A more detailed class-wise analysis further reveals both strengths and limitations of the proposed framework. For the “No finding” category, which corresponds to normal patients without respiratory disease, the framework achieves high recall—an especially desirable property in clinical screening scenarios. The framework also demonstrates relatively stable performance across different MLLMs for common conditions such as bronchitis and bronchiolitis. However, for disease categories with similar radiographic manifestations, such as pneumonia and broncho-pneumonia, the recall remains comparatively lower. This limitation can be attributed to both class imbalance in the dataset and the intrinsic visual similarity between these conditions. Addressing class imbalance and improving discrimination between similar diseases will be an important direction for future optimization.

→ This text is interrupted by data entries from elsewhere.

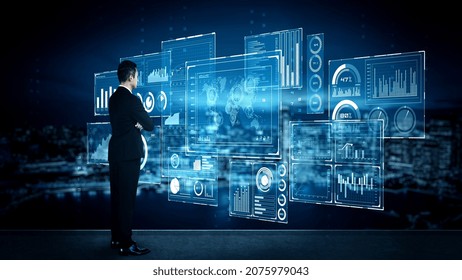 Business intelligence technology and big data analytic mixed media showing concept of futuristic information report using computer software to analyze strategic investment advice for decision making . - Powered by Shutterstock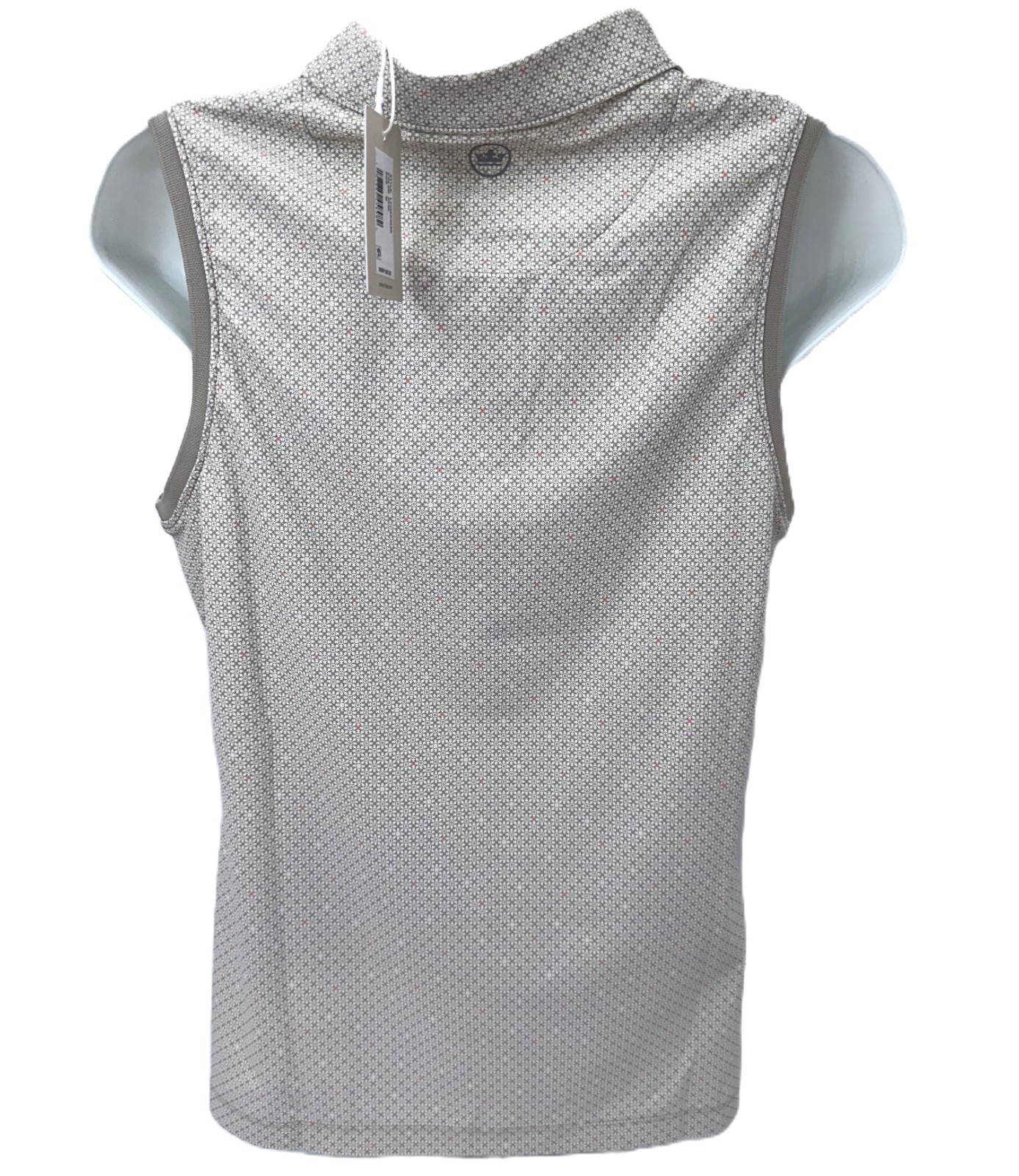 $95 Peter Millar Women’s Banded Mesh Sleeveless Button Polo – Pebble -Medium-New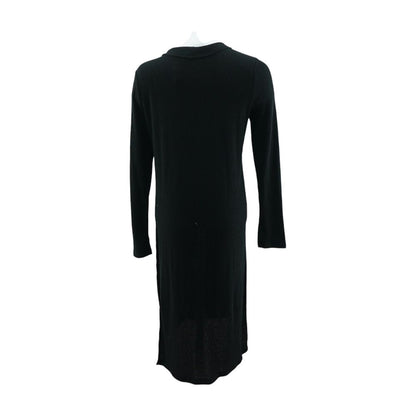 Black Solid Midi Dress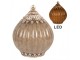 Béžová skleněná svítící LED lucerna Balli - Ø 15*9 cm Clayre & Eef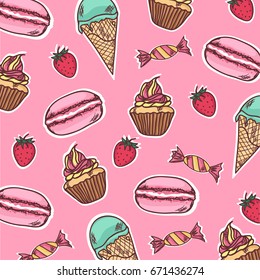 Sweets on pink background, illustration, vector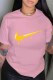 Pink Fashion Street Print Patchwork O Neck T-Shirts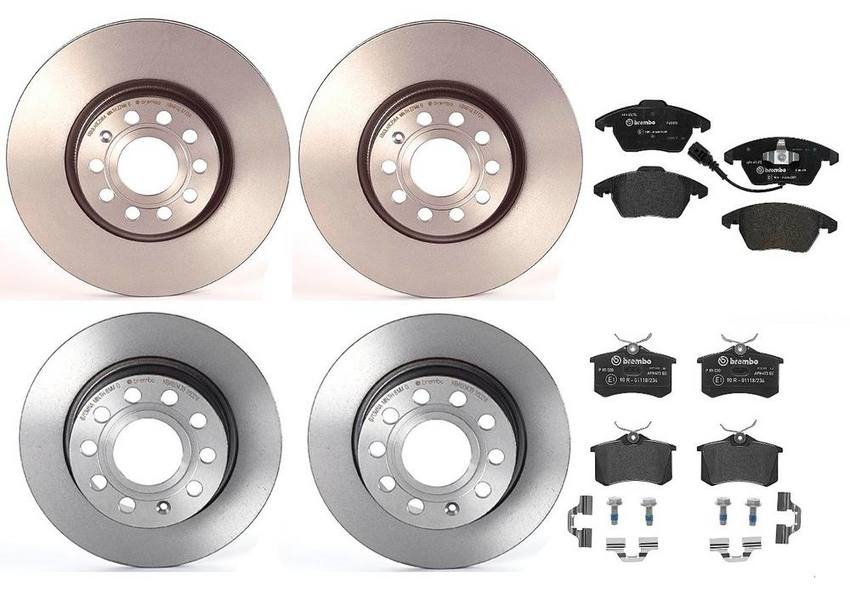 Rear Ceramic Brake Pads & Rotors Kit For Audi Volkswagen 253mm Diameter  Rotor 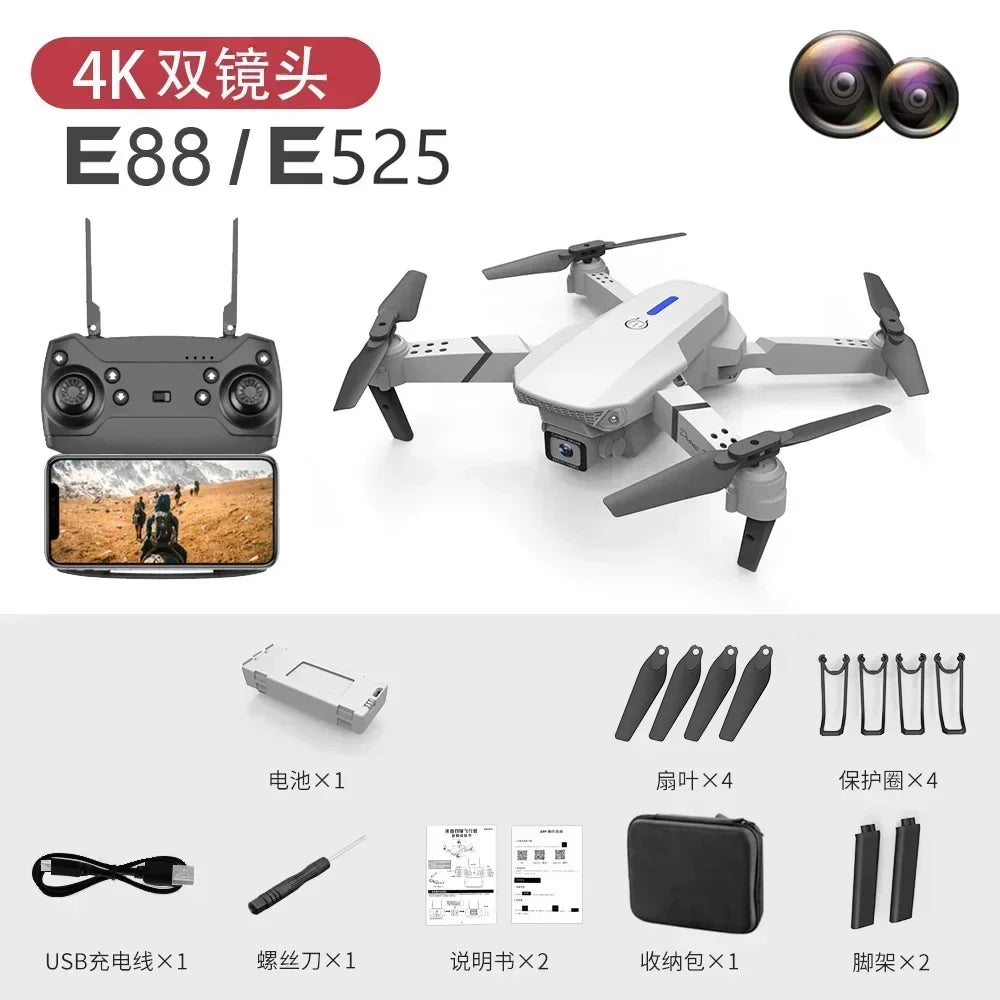 New E88 Pro FPV Drone with HD 4K 1080P Camera, WIFI, Height Hold, Foldable RC Quadcopter Helicopter Toy Gift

5.2. Clinical Application Significance

From a clinical perspective, the proposed framework is not intended to replace radiologists or pediatricians, but rather to function as a trustworthy decision-support system that complements clinical expertise, particularly in resource-limited environments. Increasing evidence suggests that successful deployment of AI in radiology depends not only on predictive accuracy but also on interpretability, transparency, and workflow compatibility [39]. In existing radiological AI studies, interpretability is often presented through post hoc visualization techniques such as Grad-CAM, which provide pixel-level saliency maps to highlight image regions associated with predictions [40,41]. While such spatial explanations enhance transparency, they primarily offer image-level attribution but do not explicitly model the structured diagnostic reasoning process underlying clinical decision-making.
Additionally, explanations that align more closely with clinical reasoning patterns tend to improve user confidence compared with superficial visual overlays alone [42]. In this context, our evidence-guided paradigm explicitly separates radiological finding recognition from disease inference and reasoning stage, enabling clinicians to verify intermediate findings and understand how final diagnostic hypotheses are formed.
Regarding practical deployment, the end-to-end inference latency remains within a clinically acceptable range. The complete two-stage pipeline requires approximately 6–9 s per case depending on the selected MLLM. Although suitable for decision-support scenarios, further optimization would be required for time-critical emergency applications.
When deploying large language model-based systems in clinical environments, ethical and regulatory alignment are essential. The system must ensure patient data privacy in compliance with HIPAA (The Health Insurance Portability and Accountability Act) and regional pediatric data protection guidelines, particularly when interacting with external data retrieval components.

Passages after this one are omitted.